▸ **Your task**:
Could you transcribe exactly the lines below, from the line with "Mystrada(マイストラ" through the line with "4 Photograph of", and nothing else, leaving out the pictures?

▸ **Given data**:

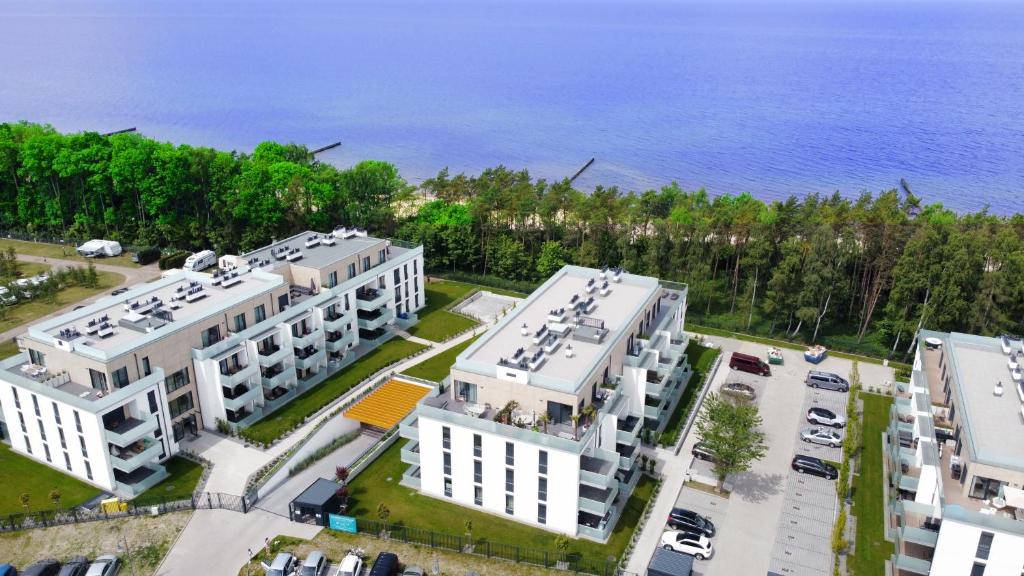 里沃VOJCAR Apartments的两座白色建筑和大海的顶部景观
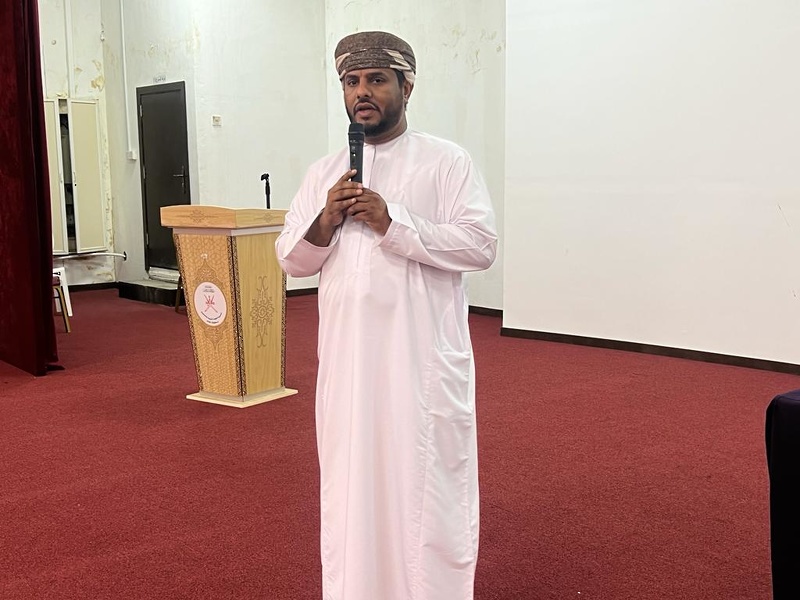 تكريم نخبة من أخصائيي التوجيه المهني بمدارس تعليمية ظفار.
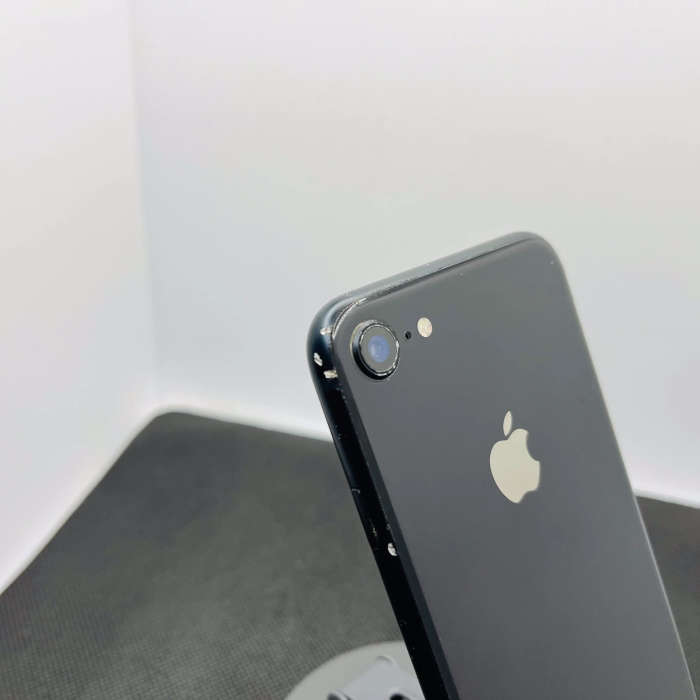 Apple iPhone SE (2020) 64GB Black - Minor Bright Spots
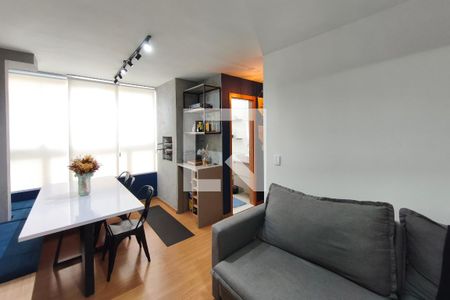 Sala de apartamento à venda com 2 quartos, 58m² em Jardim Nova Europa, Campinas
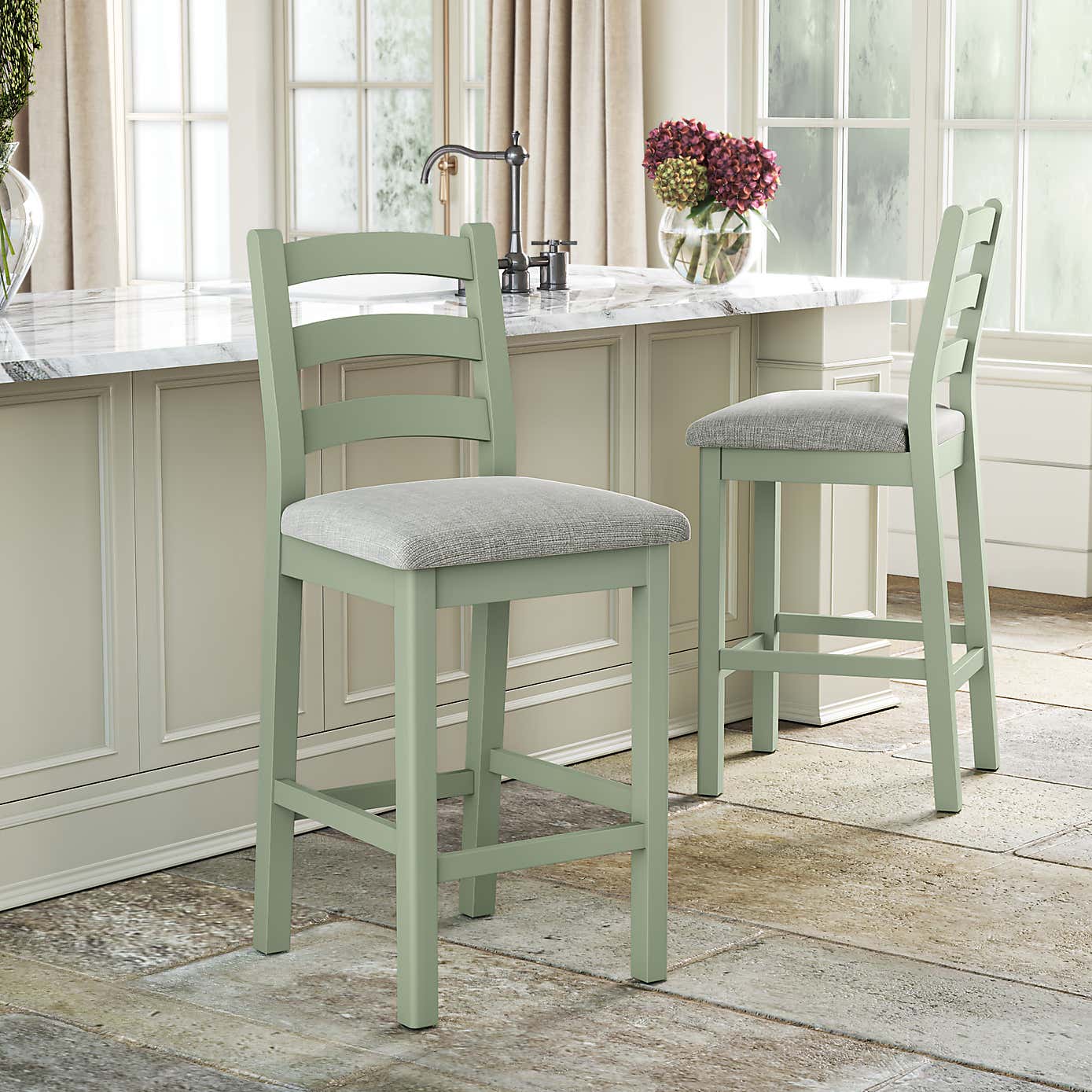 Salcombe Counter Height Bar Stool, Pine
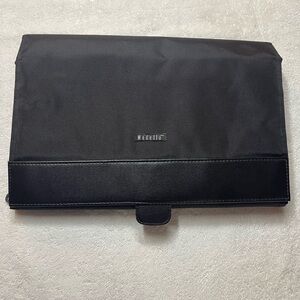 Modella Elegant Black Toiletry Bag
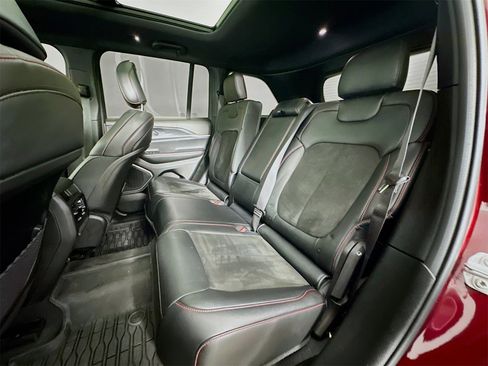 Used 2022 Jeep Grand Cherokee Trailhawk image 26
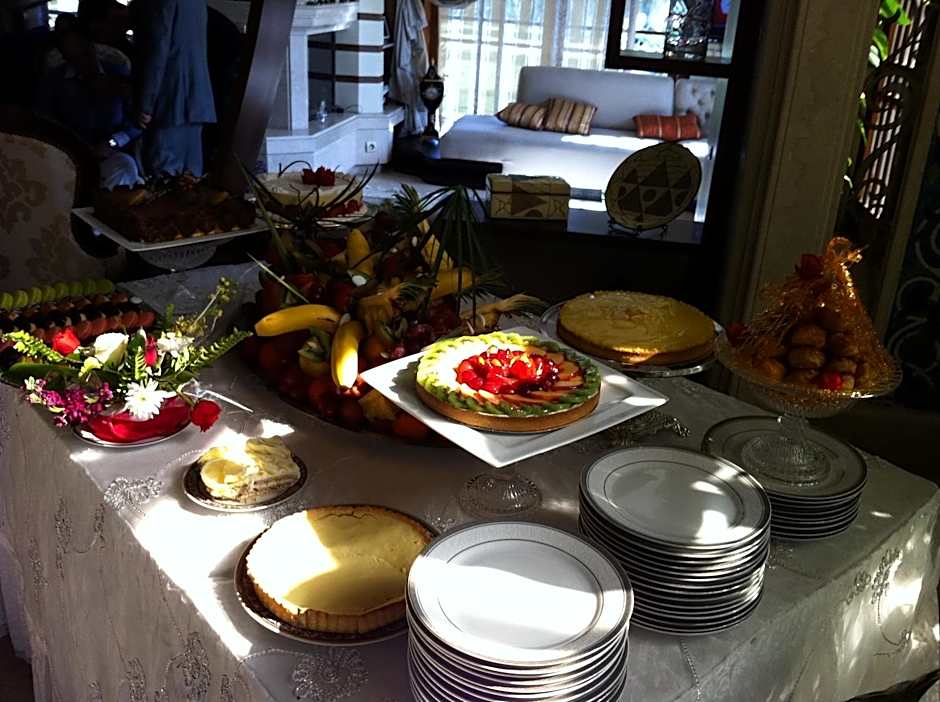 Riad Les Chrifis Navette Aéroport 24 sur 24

...

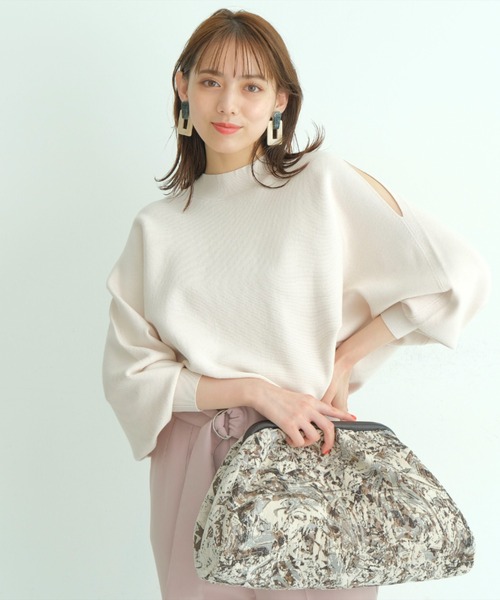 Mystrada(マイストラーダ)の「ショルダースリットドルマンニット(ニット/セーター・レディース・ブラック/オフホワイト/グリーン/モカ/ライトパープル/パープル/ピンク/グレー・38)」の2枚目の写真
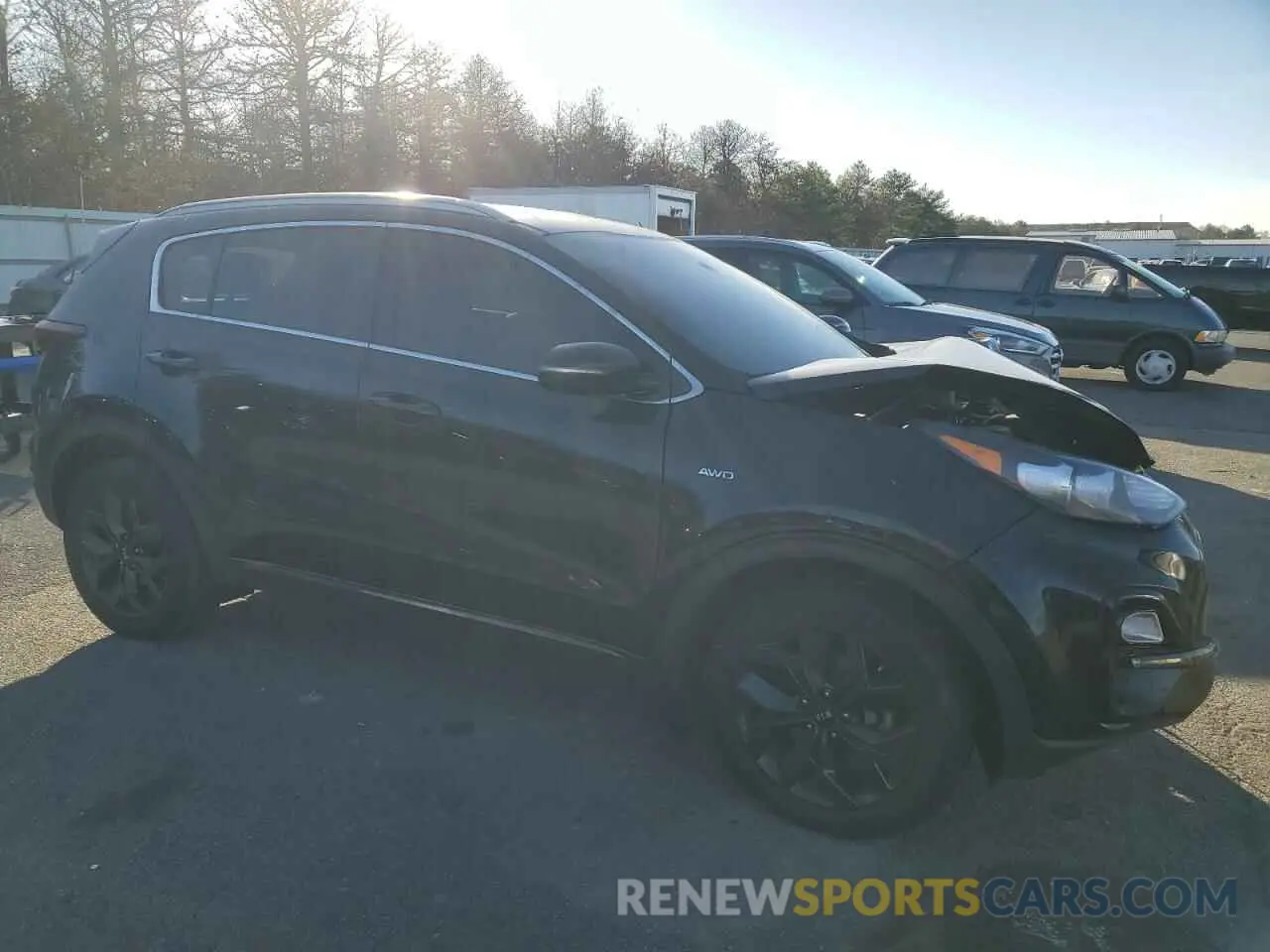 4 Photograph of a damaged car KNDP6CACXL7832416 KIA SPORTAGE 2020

▸ **Result of the task**:
 Mystrada(マイストラーダ)の「ショルダースリットドルマンニット(ニット/セーター・レディース・ブラック/オフホワイト/グリーン/モカ/ライトパープル/パープル/ピンク/グレー・38)」の2枚目の写真
 4 Photograph of a damaged car KNDP6CACXL7832416 KIA SPORTAGE 2020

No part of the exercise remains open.